Not sure whether it makes a difference performance wise but I am always reluctant to use reluctant quantifiers. I'd rather do

irb(main):003:0> "a[b]c".gsub /\[[^\]]*\]/, ' '
=> "a c"

Kind regards

  robert

···

On 18.09.2008 17:47, Fritzek wrote:

Hi Sebastian

thanks for the solution. works perfect.

Fritzek

On 18 Sep., 17:31, Sebastian Hungerecker <sep...@googlemail.com> > wrote:

Fritzek wrote:

short question how to use regexp the right way
given is a="a[b]c"
I nedd b="a c"

"a[b]c".gsub(/\[.*?\]/, " ")

Hi Robert

thanks for your objection, but could you shortly explain the
difference (for regexp dummies like me)?

Fritzek

···

On 18 Sep., 22:13, Robert Klemme <shortcut...@googlemail.com> wrote:

On 18.09.2008 17:47, Fritzek wrote:

> Hi Sebastian

> thanks for the solution. works perfect.

> Fritzek

> On 18 Sep., 17:31, Sebastian Hungerecker <sep...@googlemail.com> > > wrote:
>> Fritzek wrote:
>>> short question how to use regexp the right way
>>> given is a="a[b]c"
>>> I nedd b="a c"
>> "a[b]c".gsub(/\[.*?\]/, " ")

Not sure whether it makes a difference performance wise but I am always
reluctant to use reluctant quantifiers. I'd rather do

irb(main):003:0> "a[b]c".gsub /\[[^\]]*\]/, ' '
=> "a c"

Kind regards

    robert

Ideally you read "Mastering Regular Expressions" which explains such
topics very nicely.

I believe it is generally better to be more specific about what is to
match (mainly for robustness reasons).
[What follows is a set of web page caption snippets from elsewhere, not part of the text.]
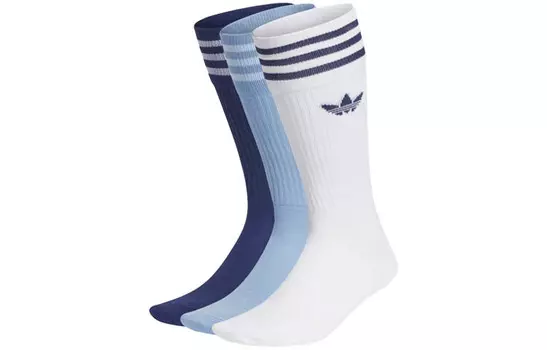 Гольфы унисекс Adidas Originals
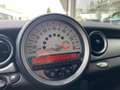 MINI One Hatchback 1.6 Abbey Road 98cv BELLISSIMA Bleu - thumbnail 12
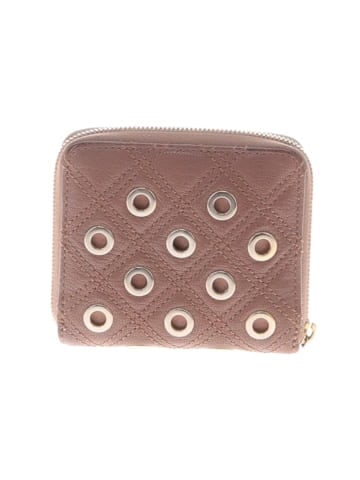 Marc Jacobs Leather Wallet (view 2)
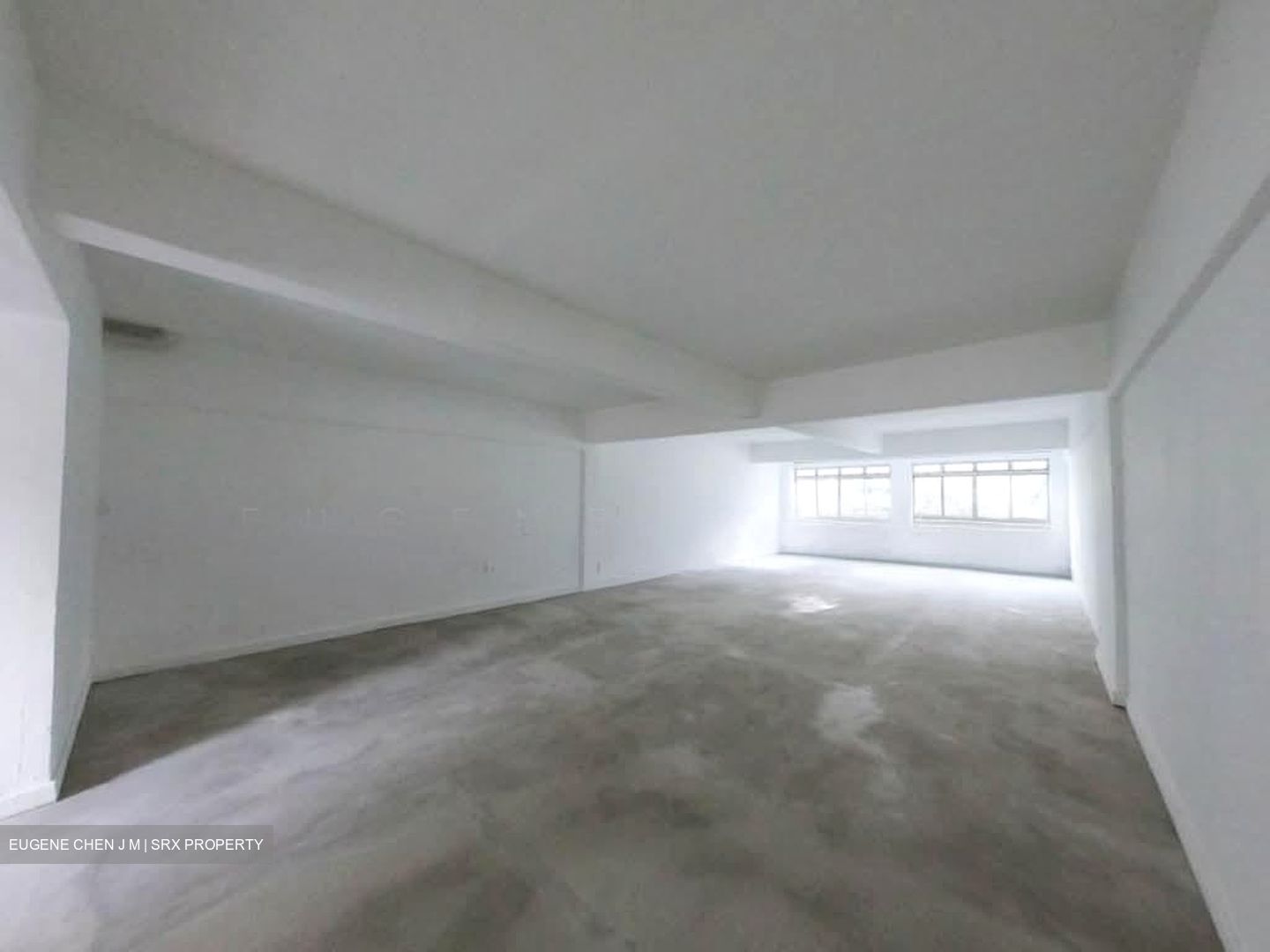 Tampines Street 23 (D18), Office #571678921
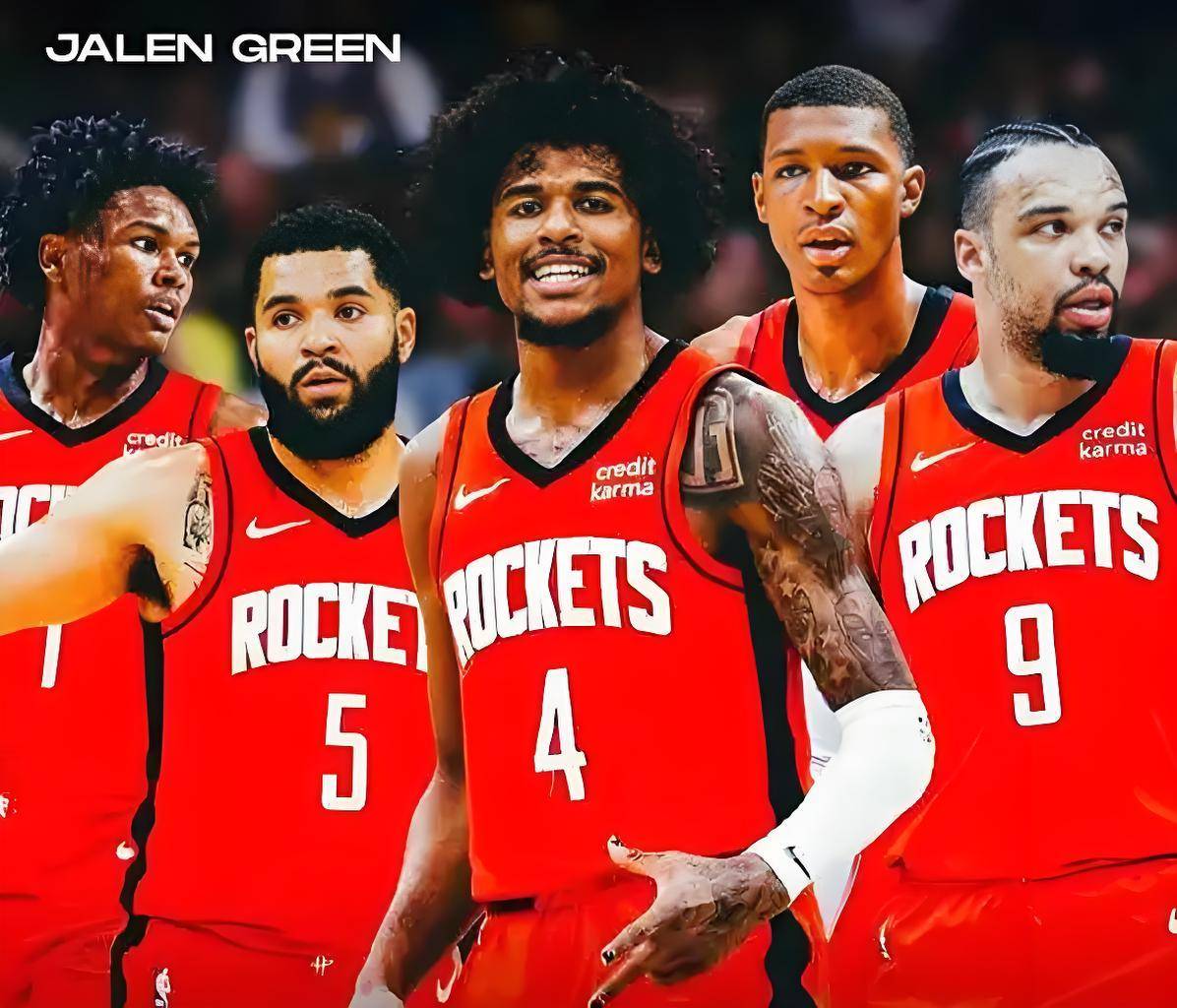 nba前瞻,nba前瞻魔术vs掘金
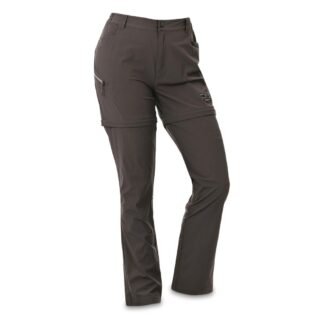 DSG Outerwear Women's Lola Convertible Pants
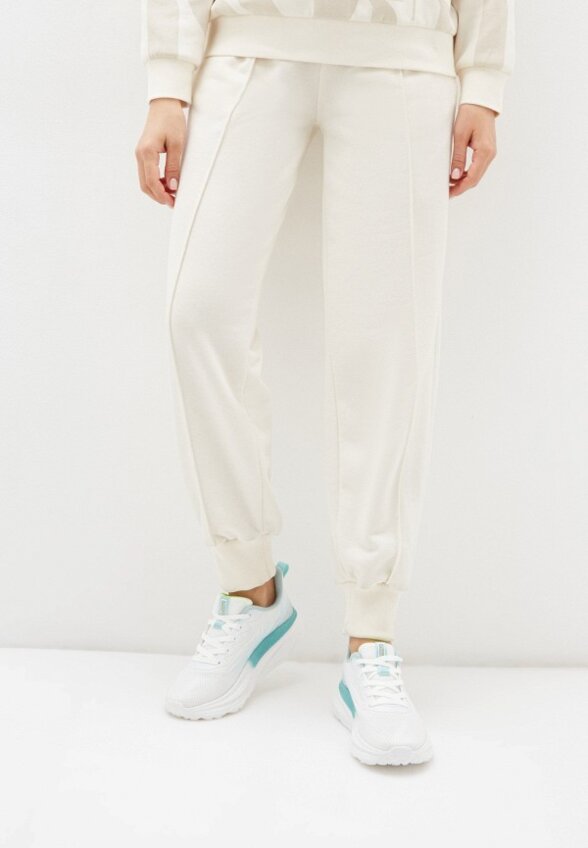 Кроссовки GLAMforever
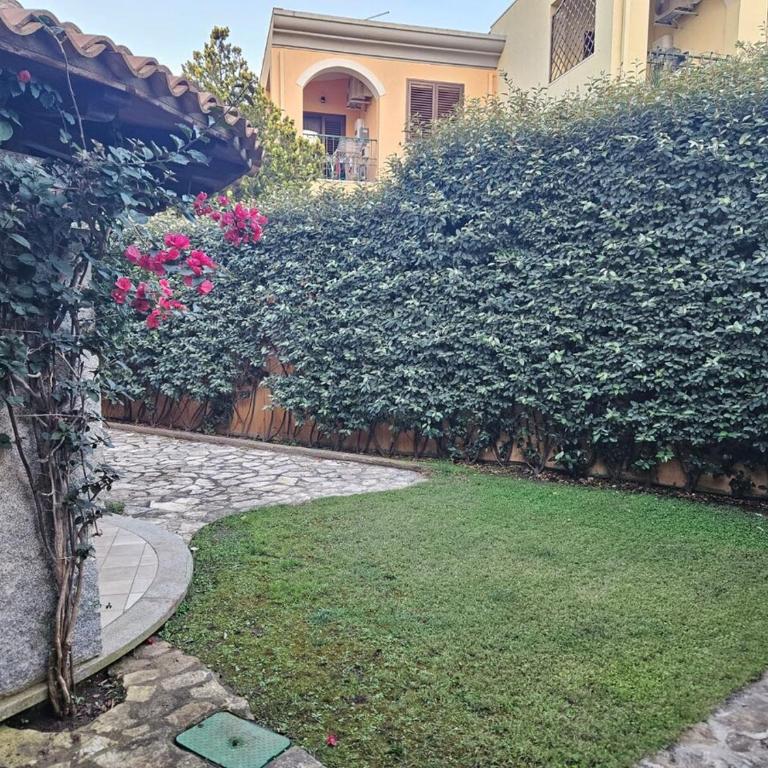 Villa Gaia Villasimius - Casa con 3 Camere da Letto - 3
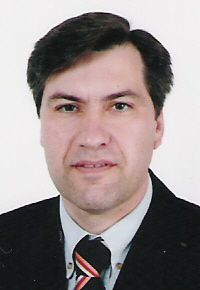 [JoaoPauloTeotonio.jpg]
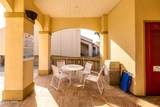 419 La Valencia Circle - Photo 74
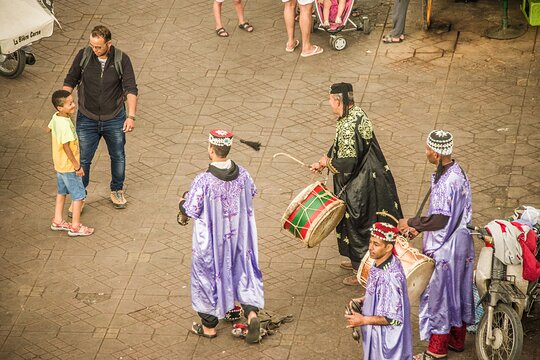 Tour image 6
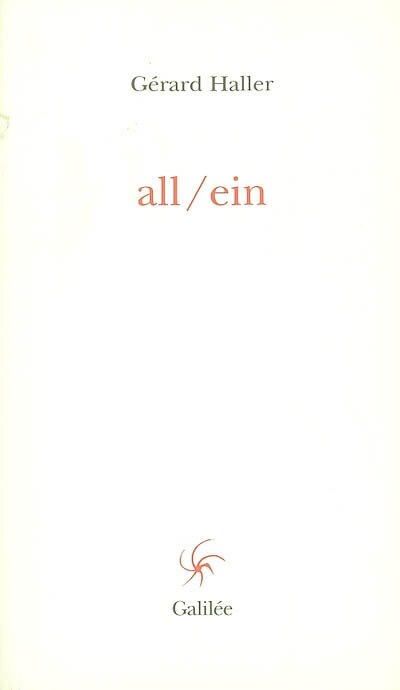 Front cover_All-ein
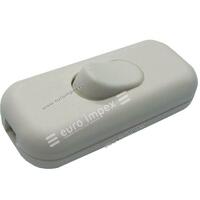 MEÐUGAJTANSKI PREKIDAC BELI BB KP2-2 EL7566 21.0179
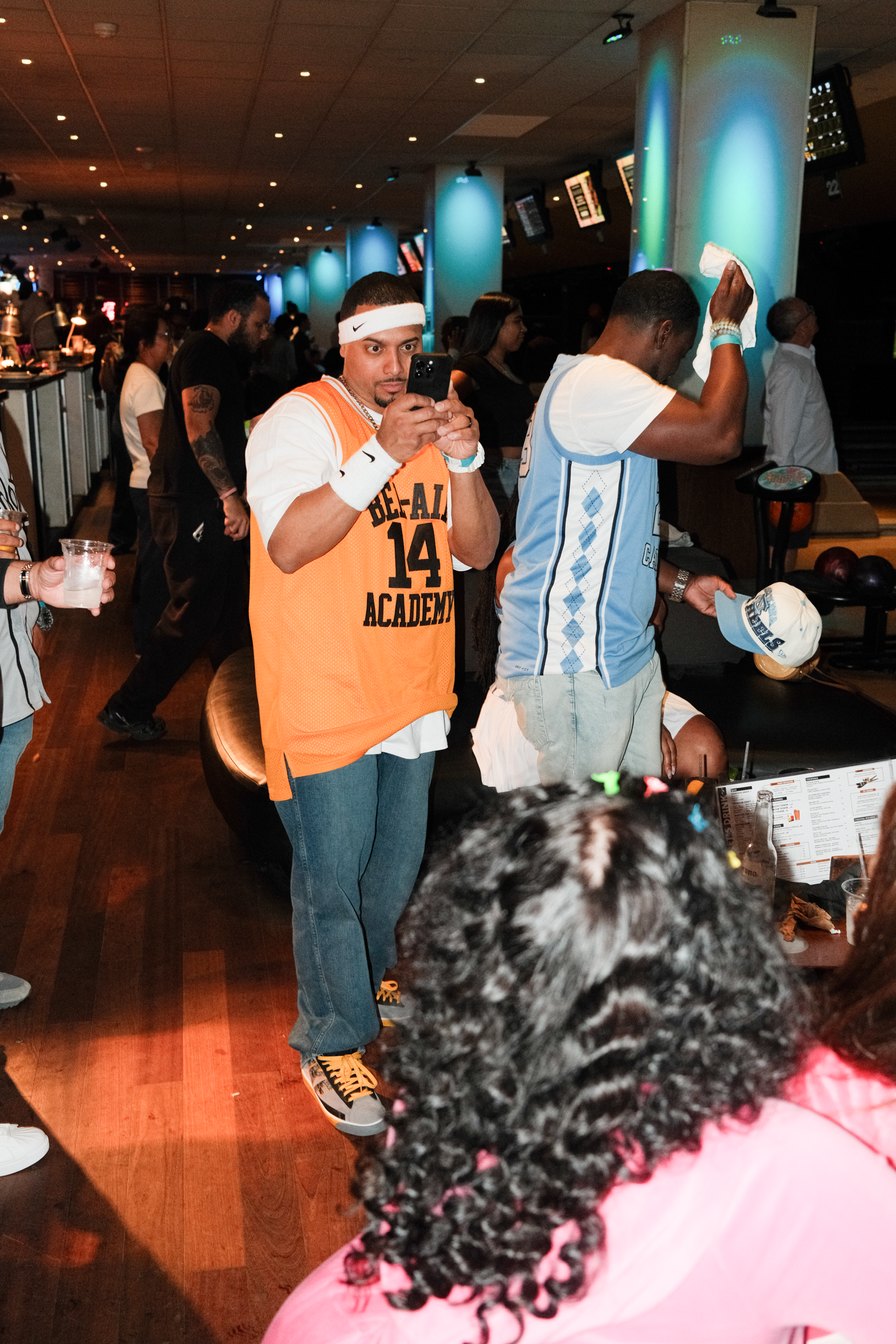 Devons40thSurprise-094.png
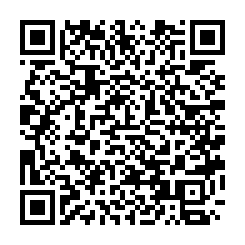 QR Code for bitcoin:bitcoin:bitcoin:bitcoin:bitcoin:bitcoin:bitcoin:LSszrVRaur5MysetfgM87v8HBUrSyCXybk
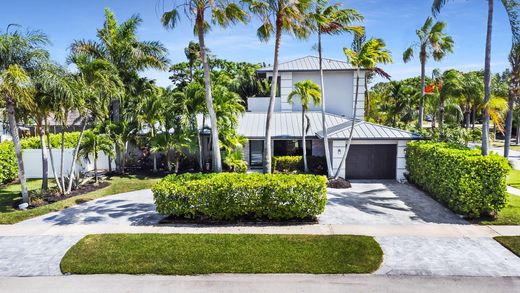 Вилла, Deerfield Beach, Broward County
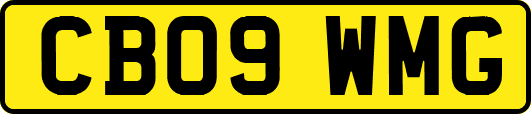 CB09WMG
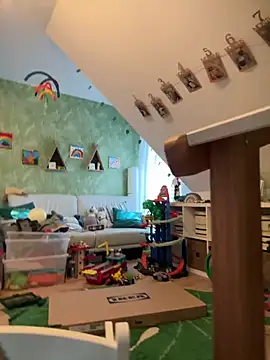 rundum40 online show from December 2024 10:01:02 AM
Also, with the reluctant
quantifier for every character in the input a match against the next
sub pattern needs to be tested OR there needs to be backtracking to
find out whether there is a shorter match afterwards. Both seem not
very efficient. Granted, this is no hard evidence, but if you are
curious I suggest you do some benchmarks and read the book; it's
really good!

Kind regards

robert

···

2008/9/19 Fritzek <fritz.thielemann@googlemail.com>:

thanks for your objection, but could you shortly explain the
difference (for regexp dummies like me)?

--
use.inject do |as, often| as.you_can - without end

Hi Robert

thanks for explanation and book hint. will search for it.
Fritzek

···

On 19 Sep., 15:23, Robert Klemme <shortcut...@googlemail.com> wrote:

2008/9/19 Fritzek <fritz.thielem...@googlemail.com>:

> thanks for your objection, but could you shortly explain the
> difference (for regexp dummies like me)?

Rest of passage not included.